Thanks, seems like it might be best to train individual runs for each of the complex with particles picked. I still worry that, especially small stuff or things that are clumped, you will miss views by manual picking whereas blob/template is obviously less biased.

You can run the micrographs through topaz denoise before manual picking. In my experience it produces micrographs that are much easier to manually pick than simple low-pass filtering, and you can often find less obvious orientations more easily.
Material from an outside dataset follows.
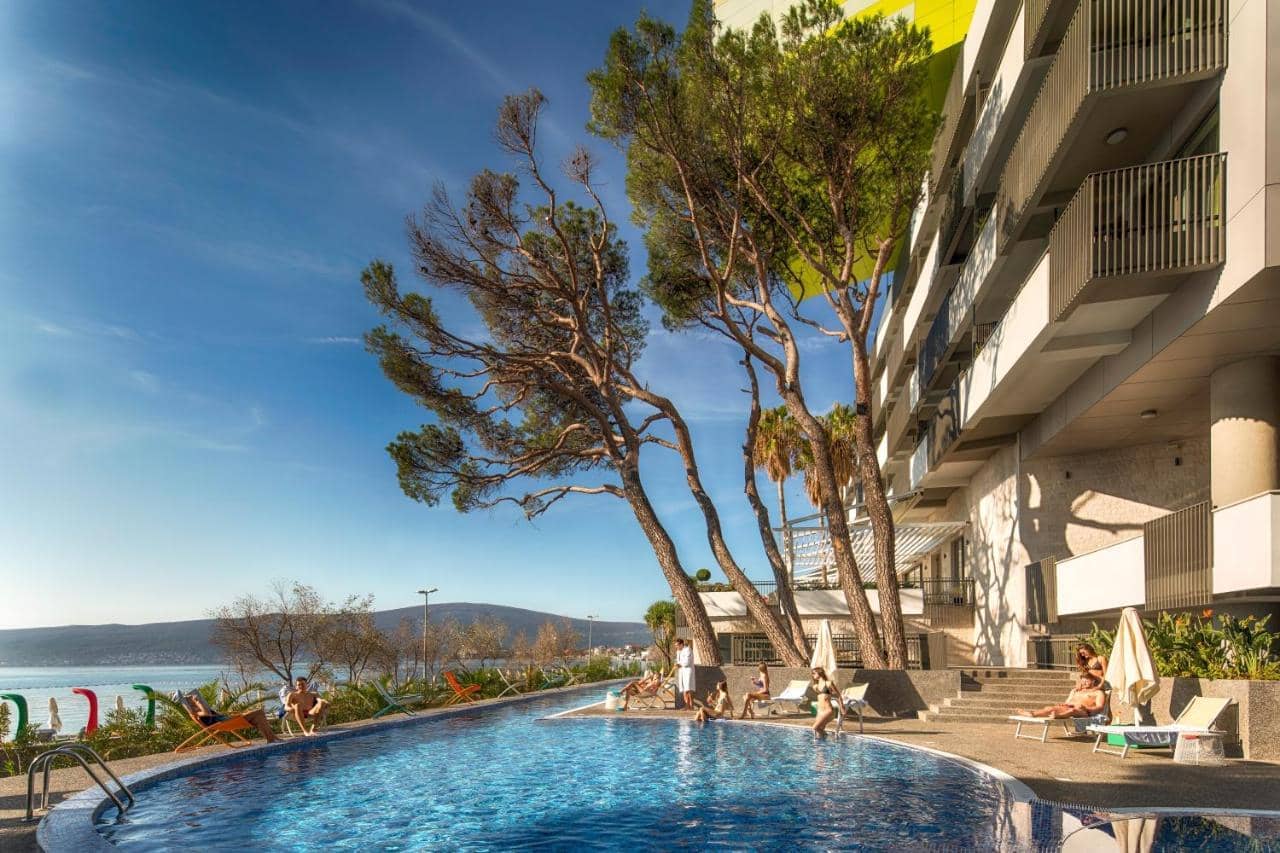 Hotel Carine Park Bijela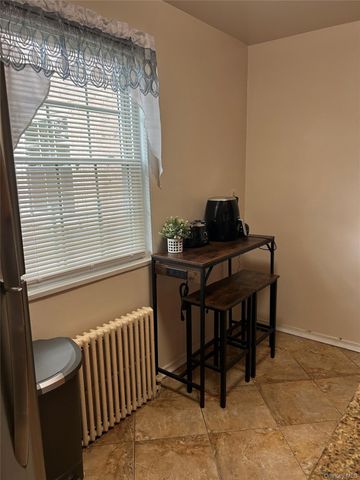 61-55 224 st A, Bayside, NY 11364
Also note that topaz learns to distinguish particles from background by “looking” at very few pixels. This message contains relevant info, the rest you can find in the help bubbles of the topaz GUI to figure out. In the “train” section, hover the mouse over the “Particle radius” blue parameter, and it will explain that the radius in pixels around the training coordinate defines what to consider as “particle” versus “background” further away from this radius. The default value of this parameter is very small: 3 pixels. So, if I understand this correctly, it shouldn’t matter too much that you miss certain views in manual picking, as long as they have a similar pixel value distributions as other views (sufficiently different compared to the background, I suppose). Again if I understand correctly, this is why the downsampling factor is one of the most important parameters, and presumably one could compensate for insufficient downsampling by increasing the particle radius (but in terms of computational efficiency, it is better to keep the radius small and downsample more to bring the particle size in the ballpark of this small radius: this will produce smaller micrographs, which will take less time to train and pick).